IO Files, Lot 71 D 440

Memorandum of Conversation, by the Deputy United States Representative on the Collective Measures Committee (Bancroft)

confidential

US/A/AC.43/63

Subject: Collective Measures Committee: Facilities, Rights and Related Assistance for United Nations Armed Forces.

Participants: Mr. Francis Lacoste } French Delegation
Mr. Jacques Tine
Mr. Harding F. Bancroft, U.S. Mission to United Nations

I had luncheon with Lacoste and Tine following our conversation with Coulson and Laskey (reported in US/A/AC.43/62).1 The [Page 653] French attitude toward our paper on assistance and facilities2 was much more favorable than that of the British. They said frankly that the thing that frightened them off was the problem of bases and nothing more, and that they agreed that the Collective Measures Committee should consider the contributions which member states could make to support United Nations forces by way of all sorts of assistance and facilities, including rights of passage. In their view, rights of passage and bases did not come in the same category at all and they saw no objection to the former.

The thing that frightened them about our paper was the introductory part which made it appear that what we were driving at was to have the United Nations create a system of bases throughout the world on which much work would be done in advance to make the bases adequate for UN use by enlarging the facilities and doing all sorts of construction work. In other words, they said that it was the material in the first part of our paper rather than the conclusions that worried them.

I asked if they thought it would be possible for them, the British and ourselves to go over the paper and modify it in such a way as would make it acceptable for submission and consideration in the Committee.
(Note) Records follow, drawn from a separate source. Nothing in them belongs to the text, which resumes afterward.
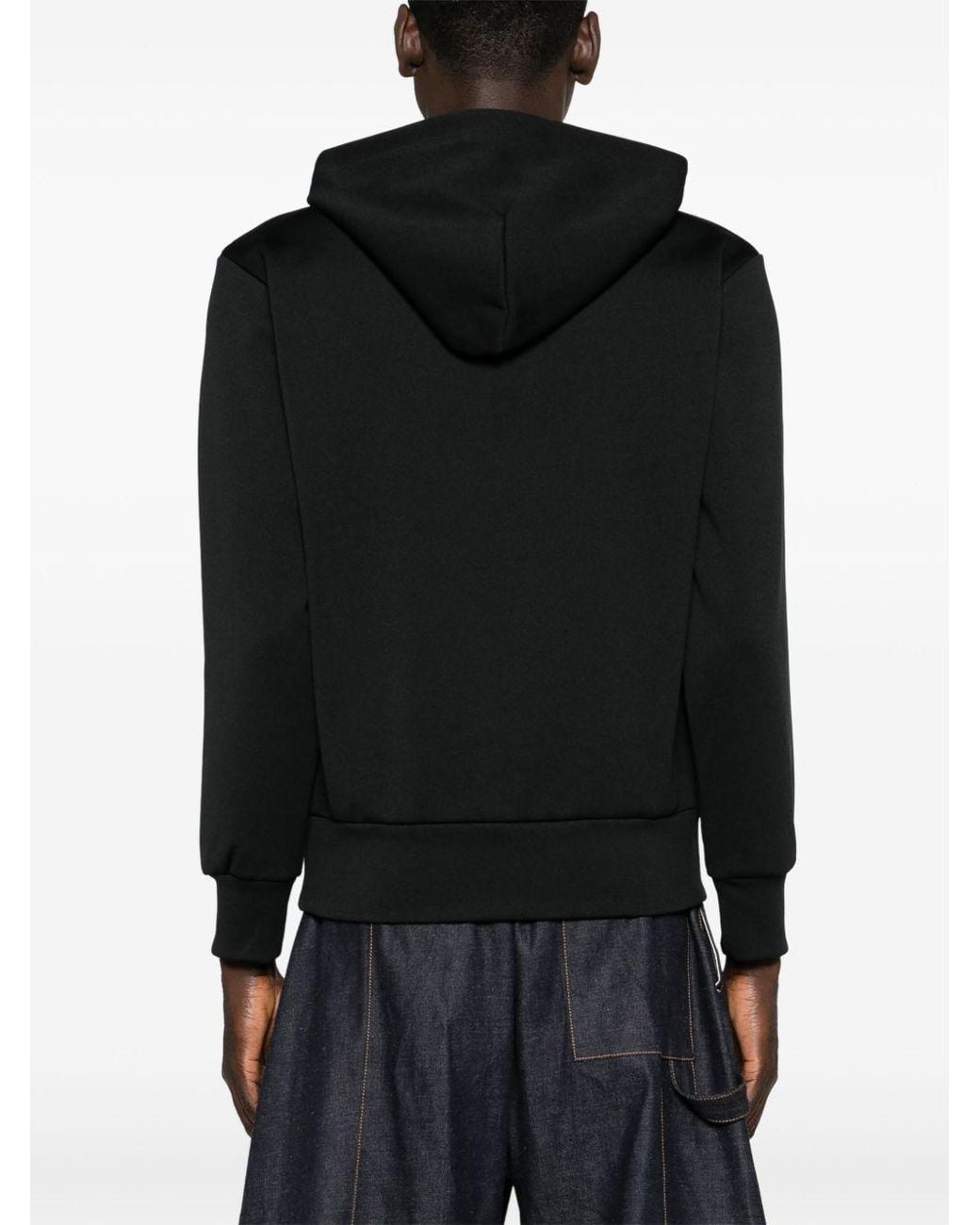 Comme des Garçons Black Heart Cotton Hoodie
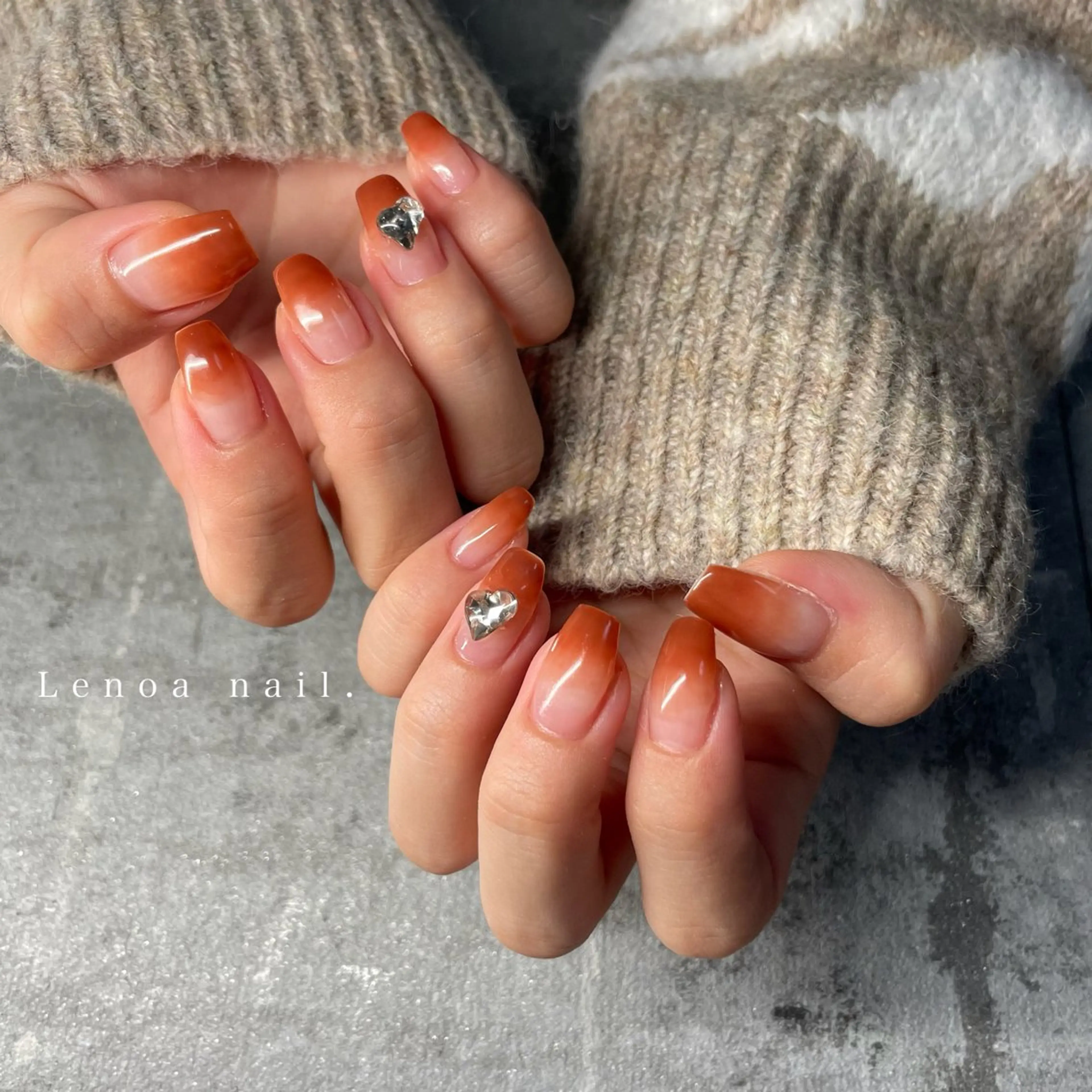 ネイル nailsalon Lenoaのネイルデザイン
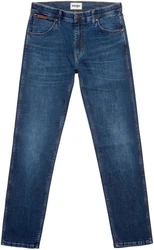 Wrangler 5-Pocket Jeans TEXAS SLIM Slim Fit Blau/Hellblau/Dunkelblau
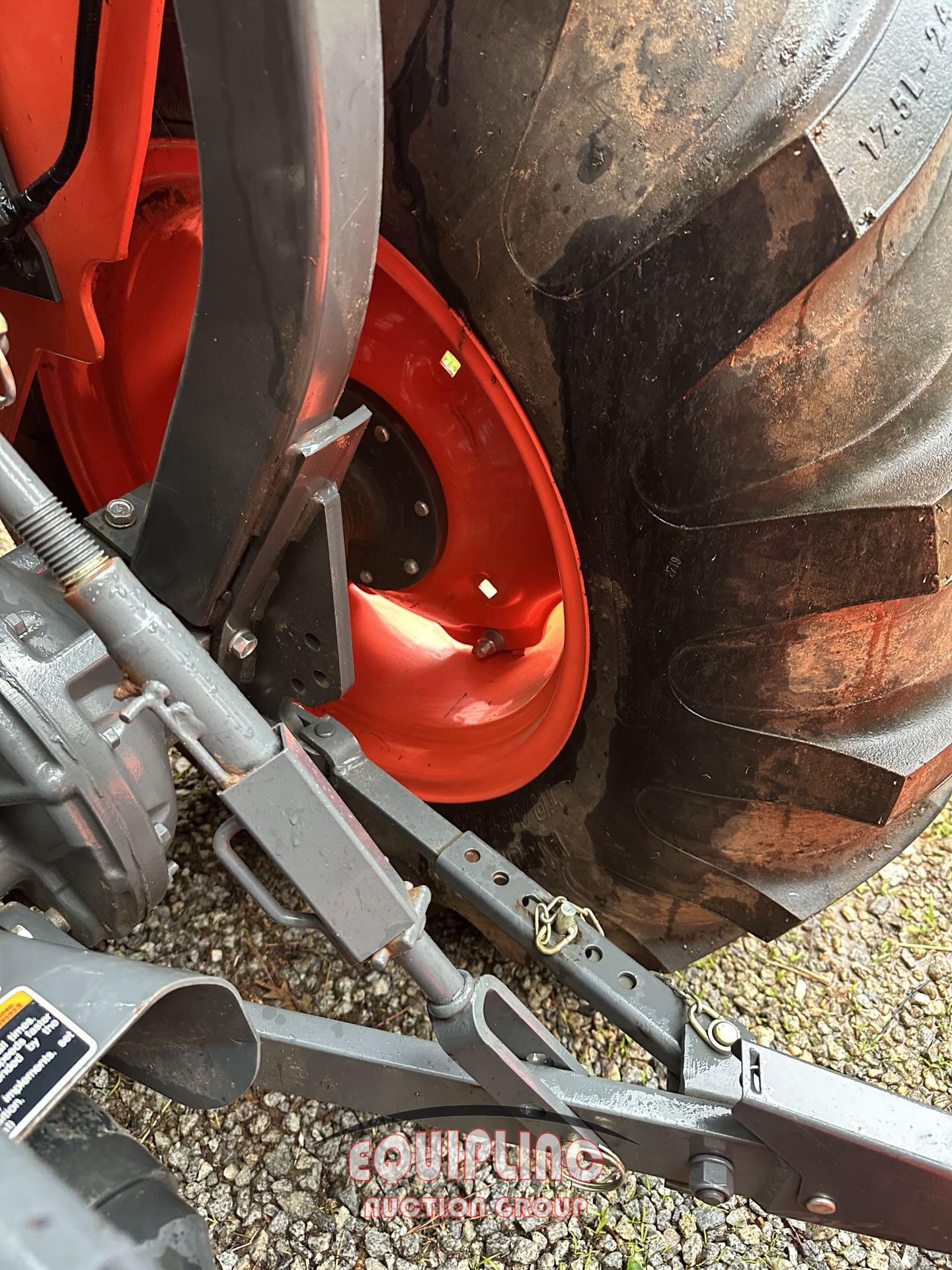2022 KUBOTA MX5400 HST TRACTOR
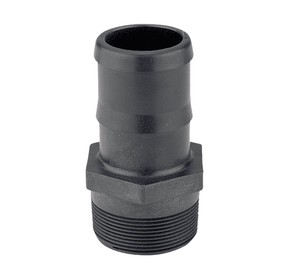 Banjo Poly 2" Male Thread x 2" Hose Barb Banjo Poly 2" Male Thread x 2" Hose Barb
They replied that they thought this was a good idea and that it could be done. I said that we would undertake to prepare a draft revision of the paper to be used as a basis for discussion and I hoped we could get together to consider it soon.

In the course of our discussion, I outlined to them the same ideas of the concept of the Uniting for Peace resolution that I had to the British and the presentation which could be made in the report to offset the fear that any progress toward making the United Nations an effective collective security organization would be regarded as an anti-Communist effort. Lacoste said he agreed with the concept and thought it was desirable that it be expressed in the report of the Collective Measures Committee, as it would go far to eliminate the fears that all we were seeking was to make the United Nations into an alliance against a single enemy.

  1. Supra.
  2. Reference is to document WGCMC D–18c, June 19, not printed.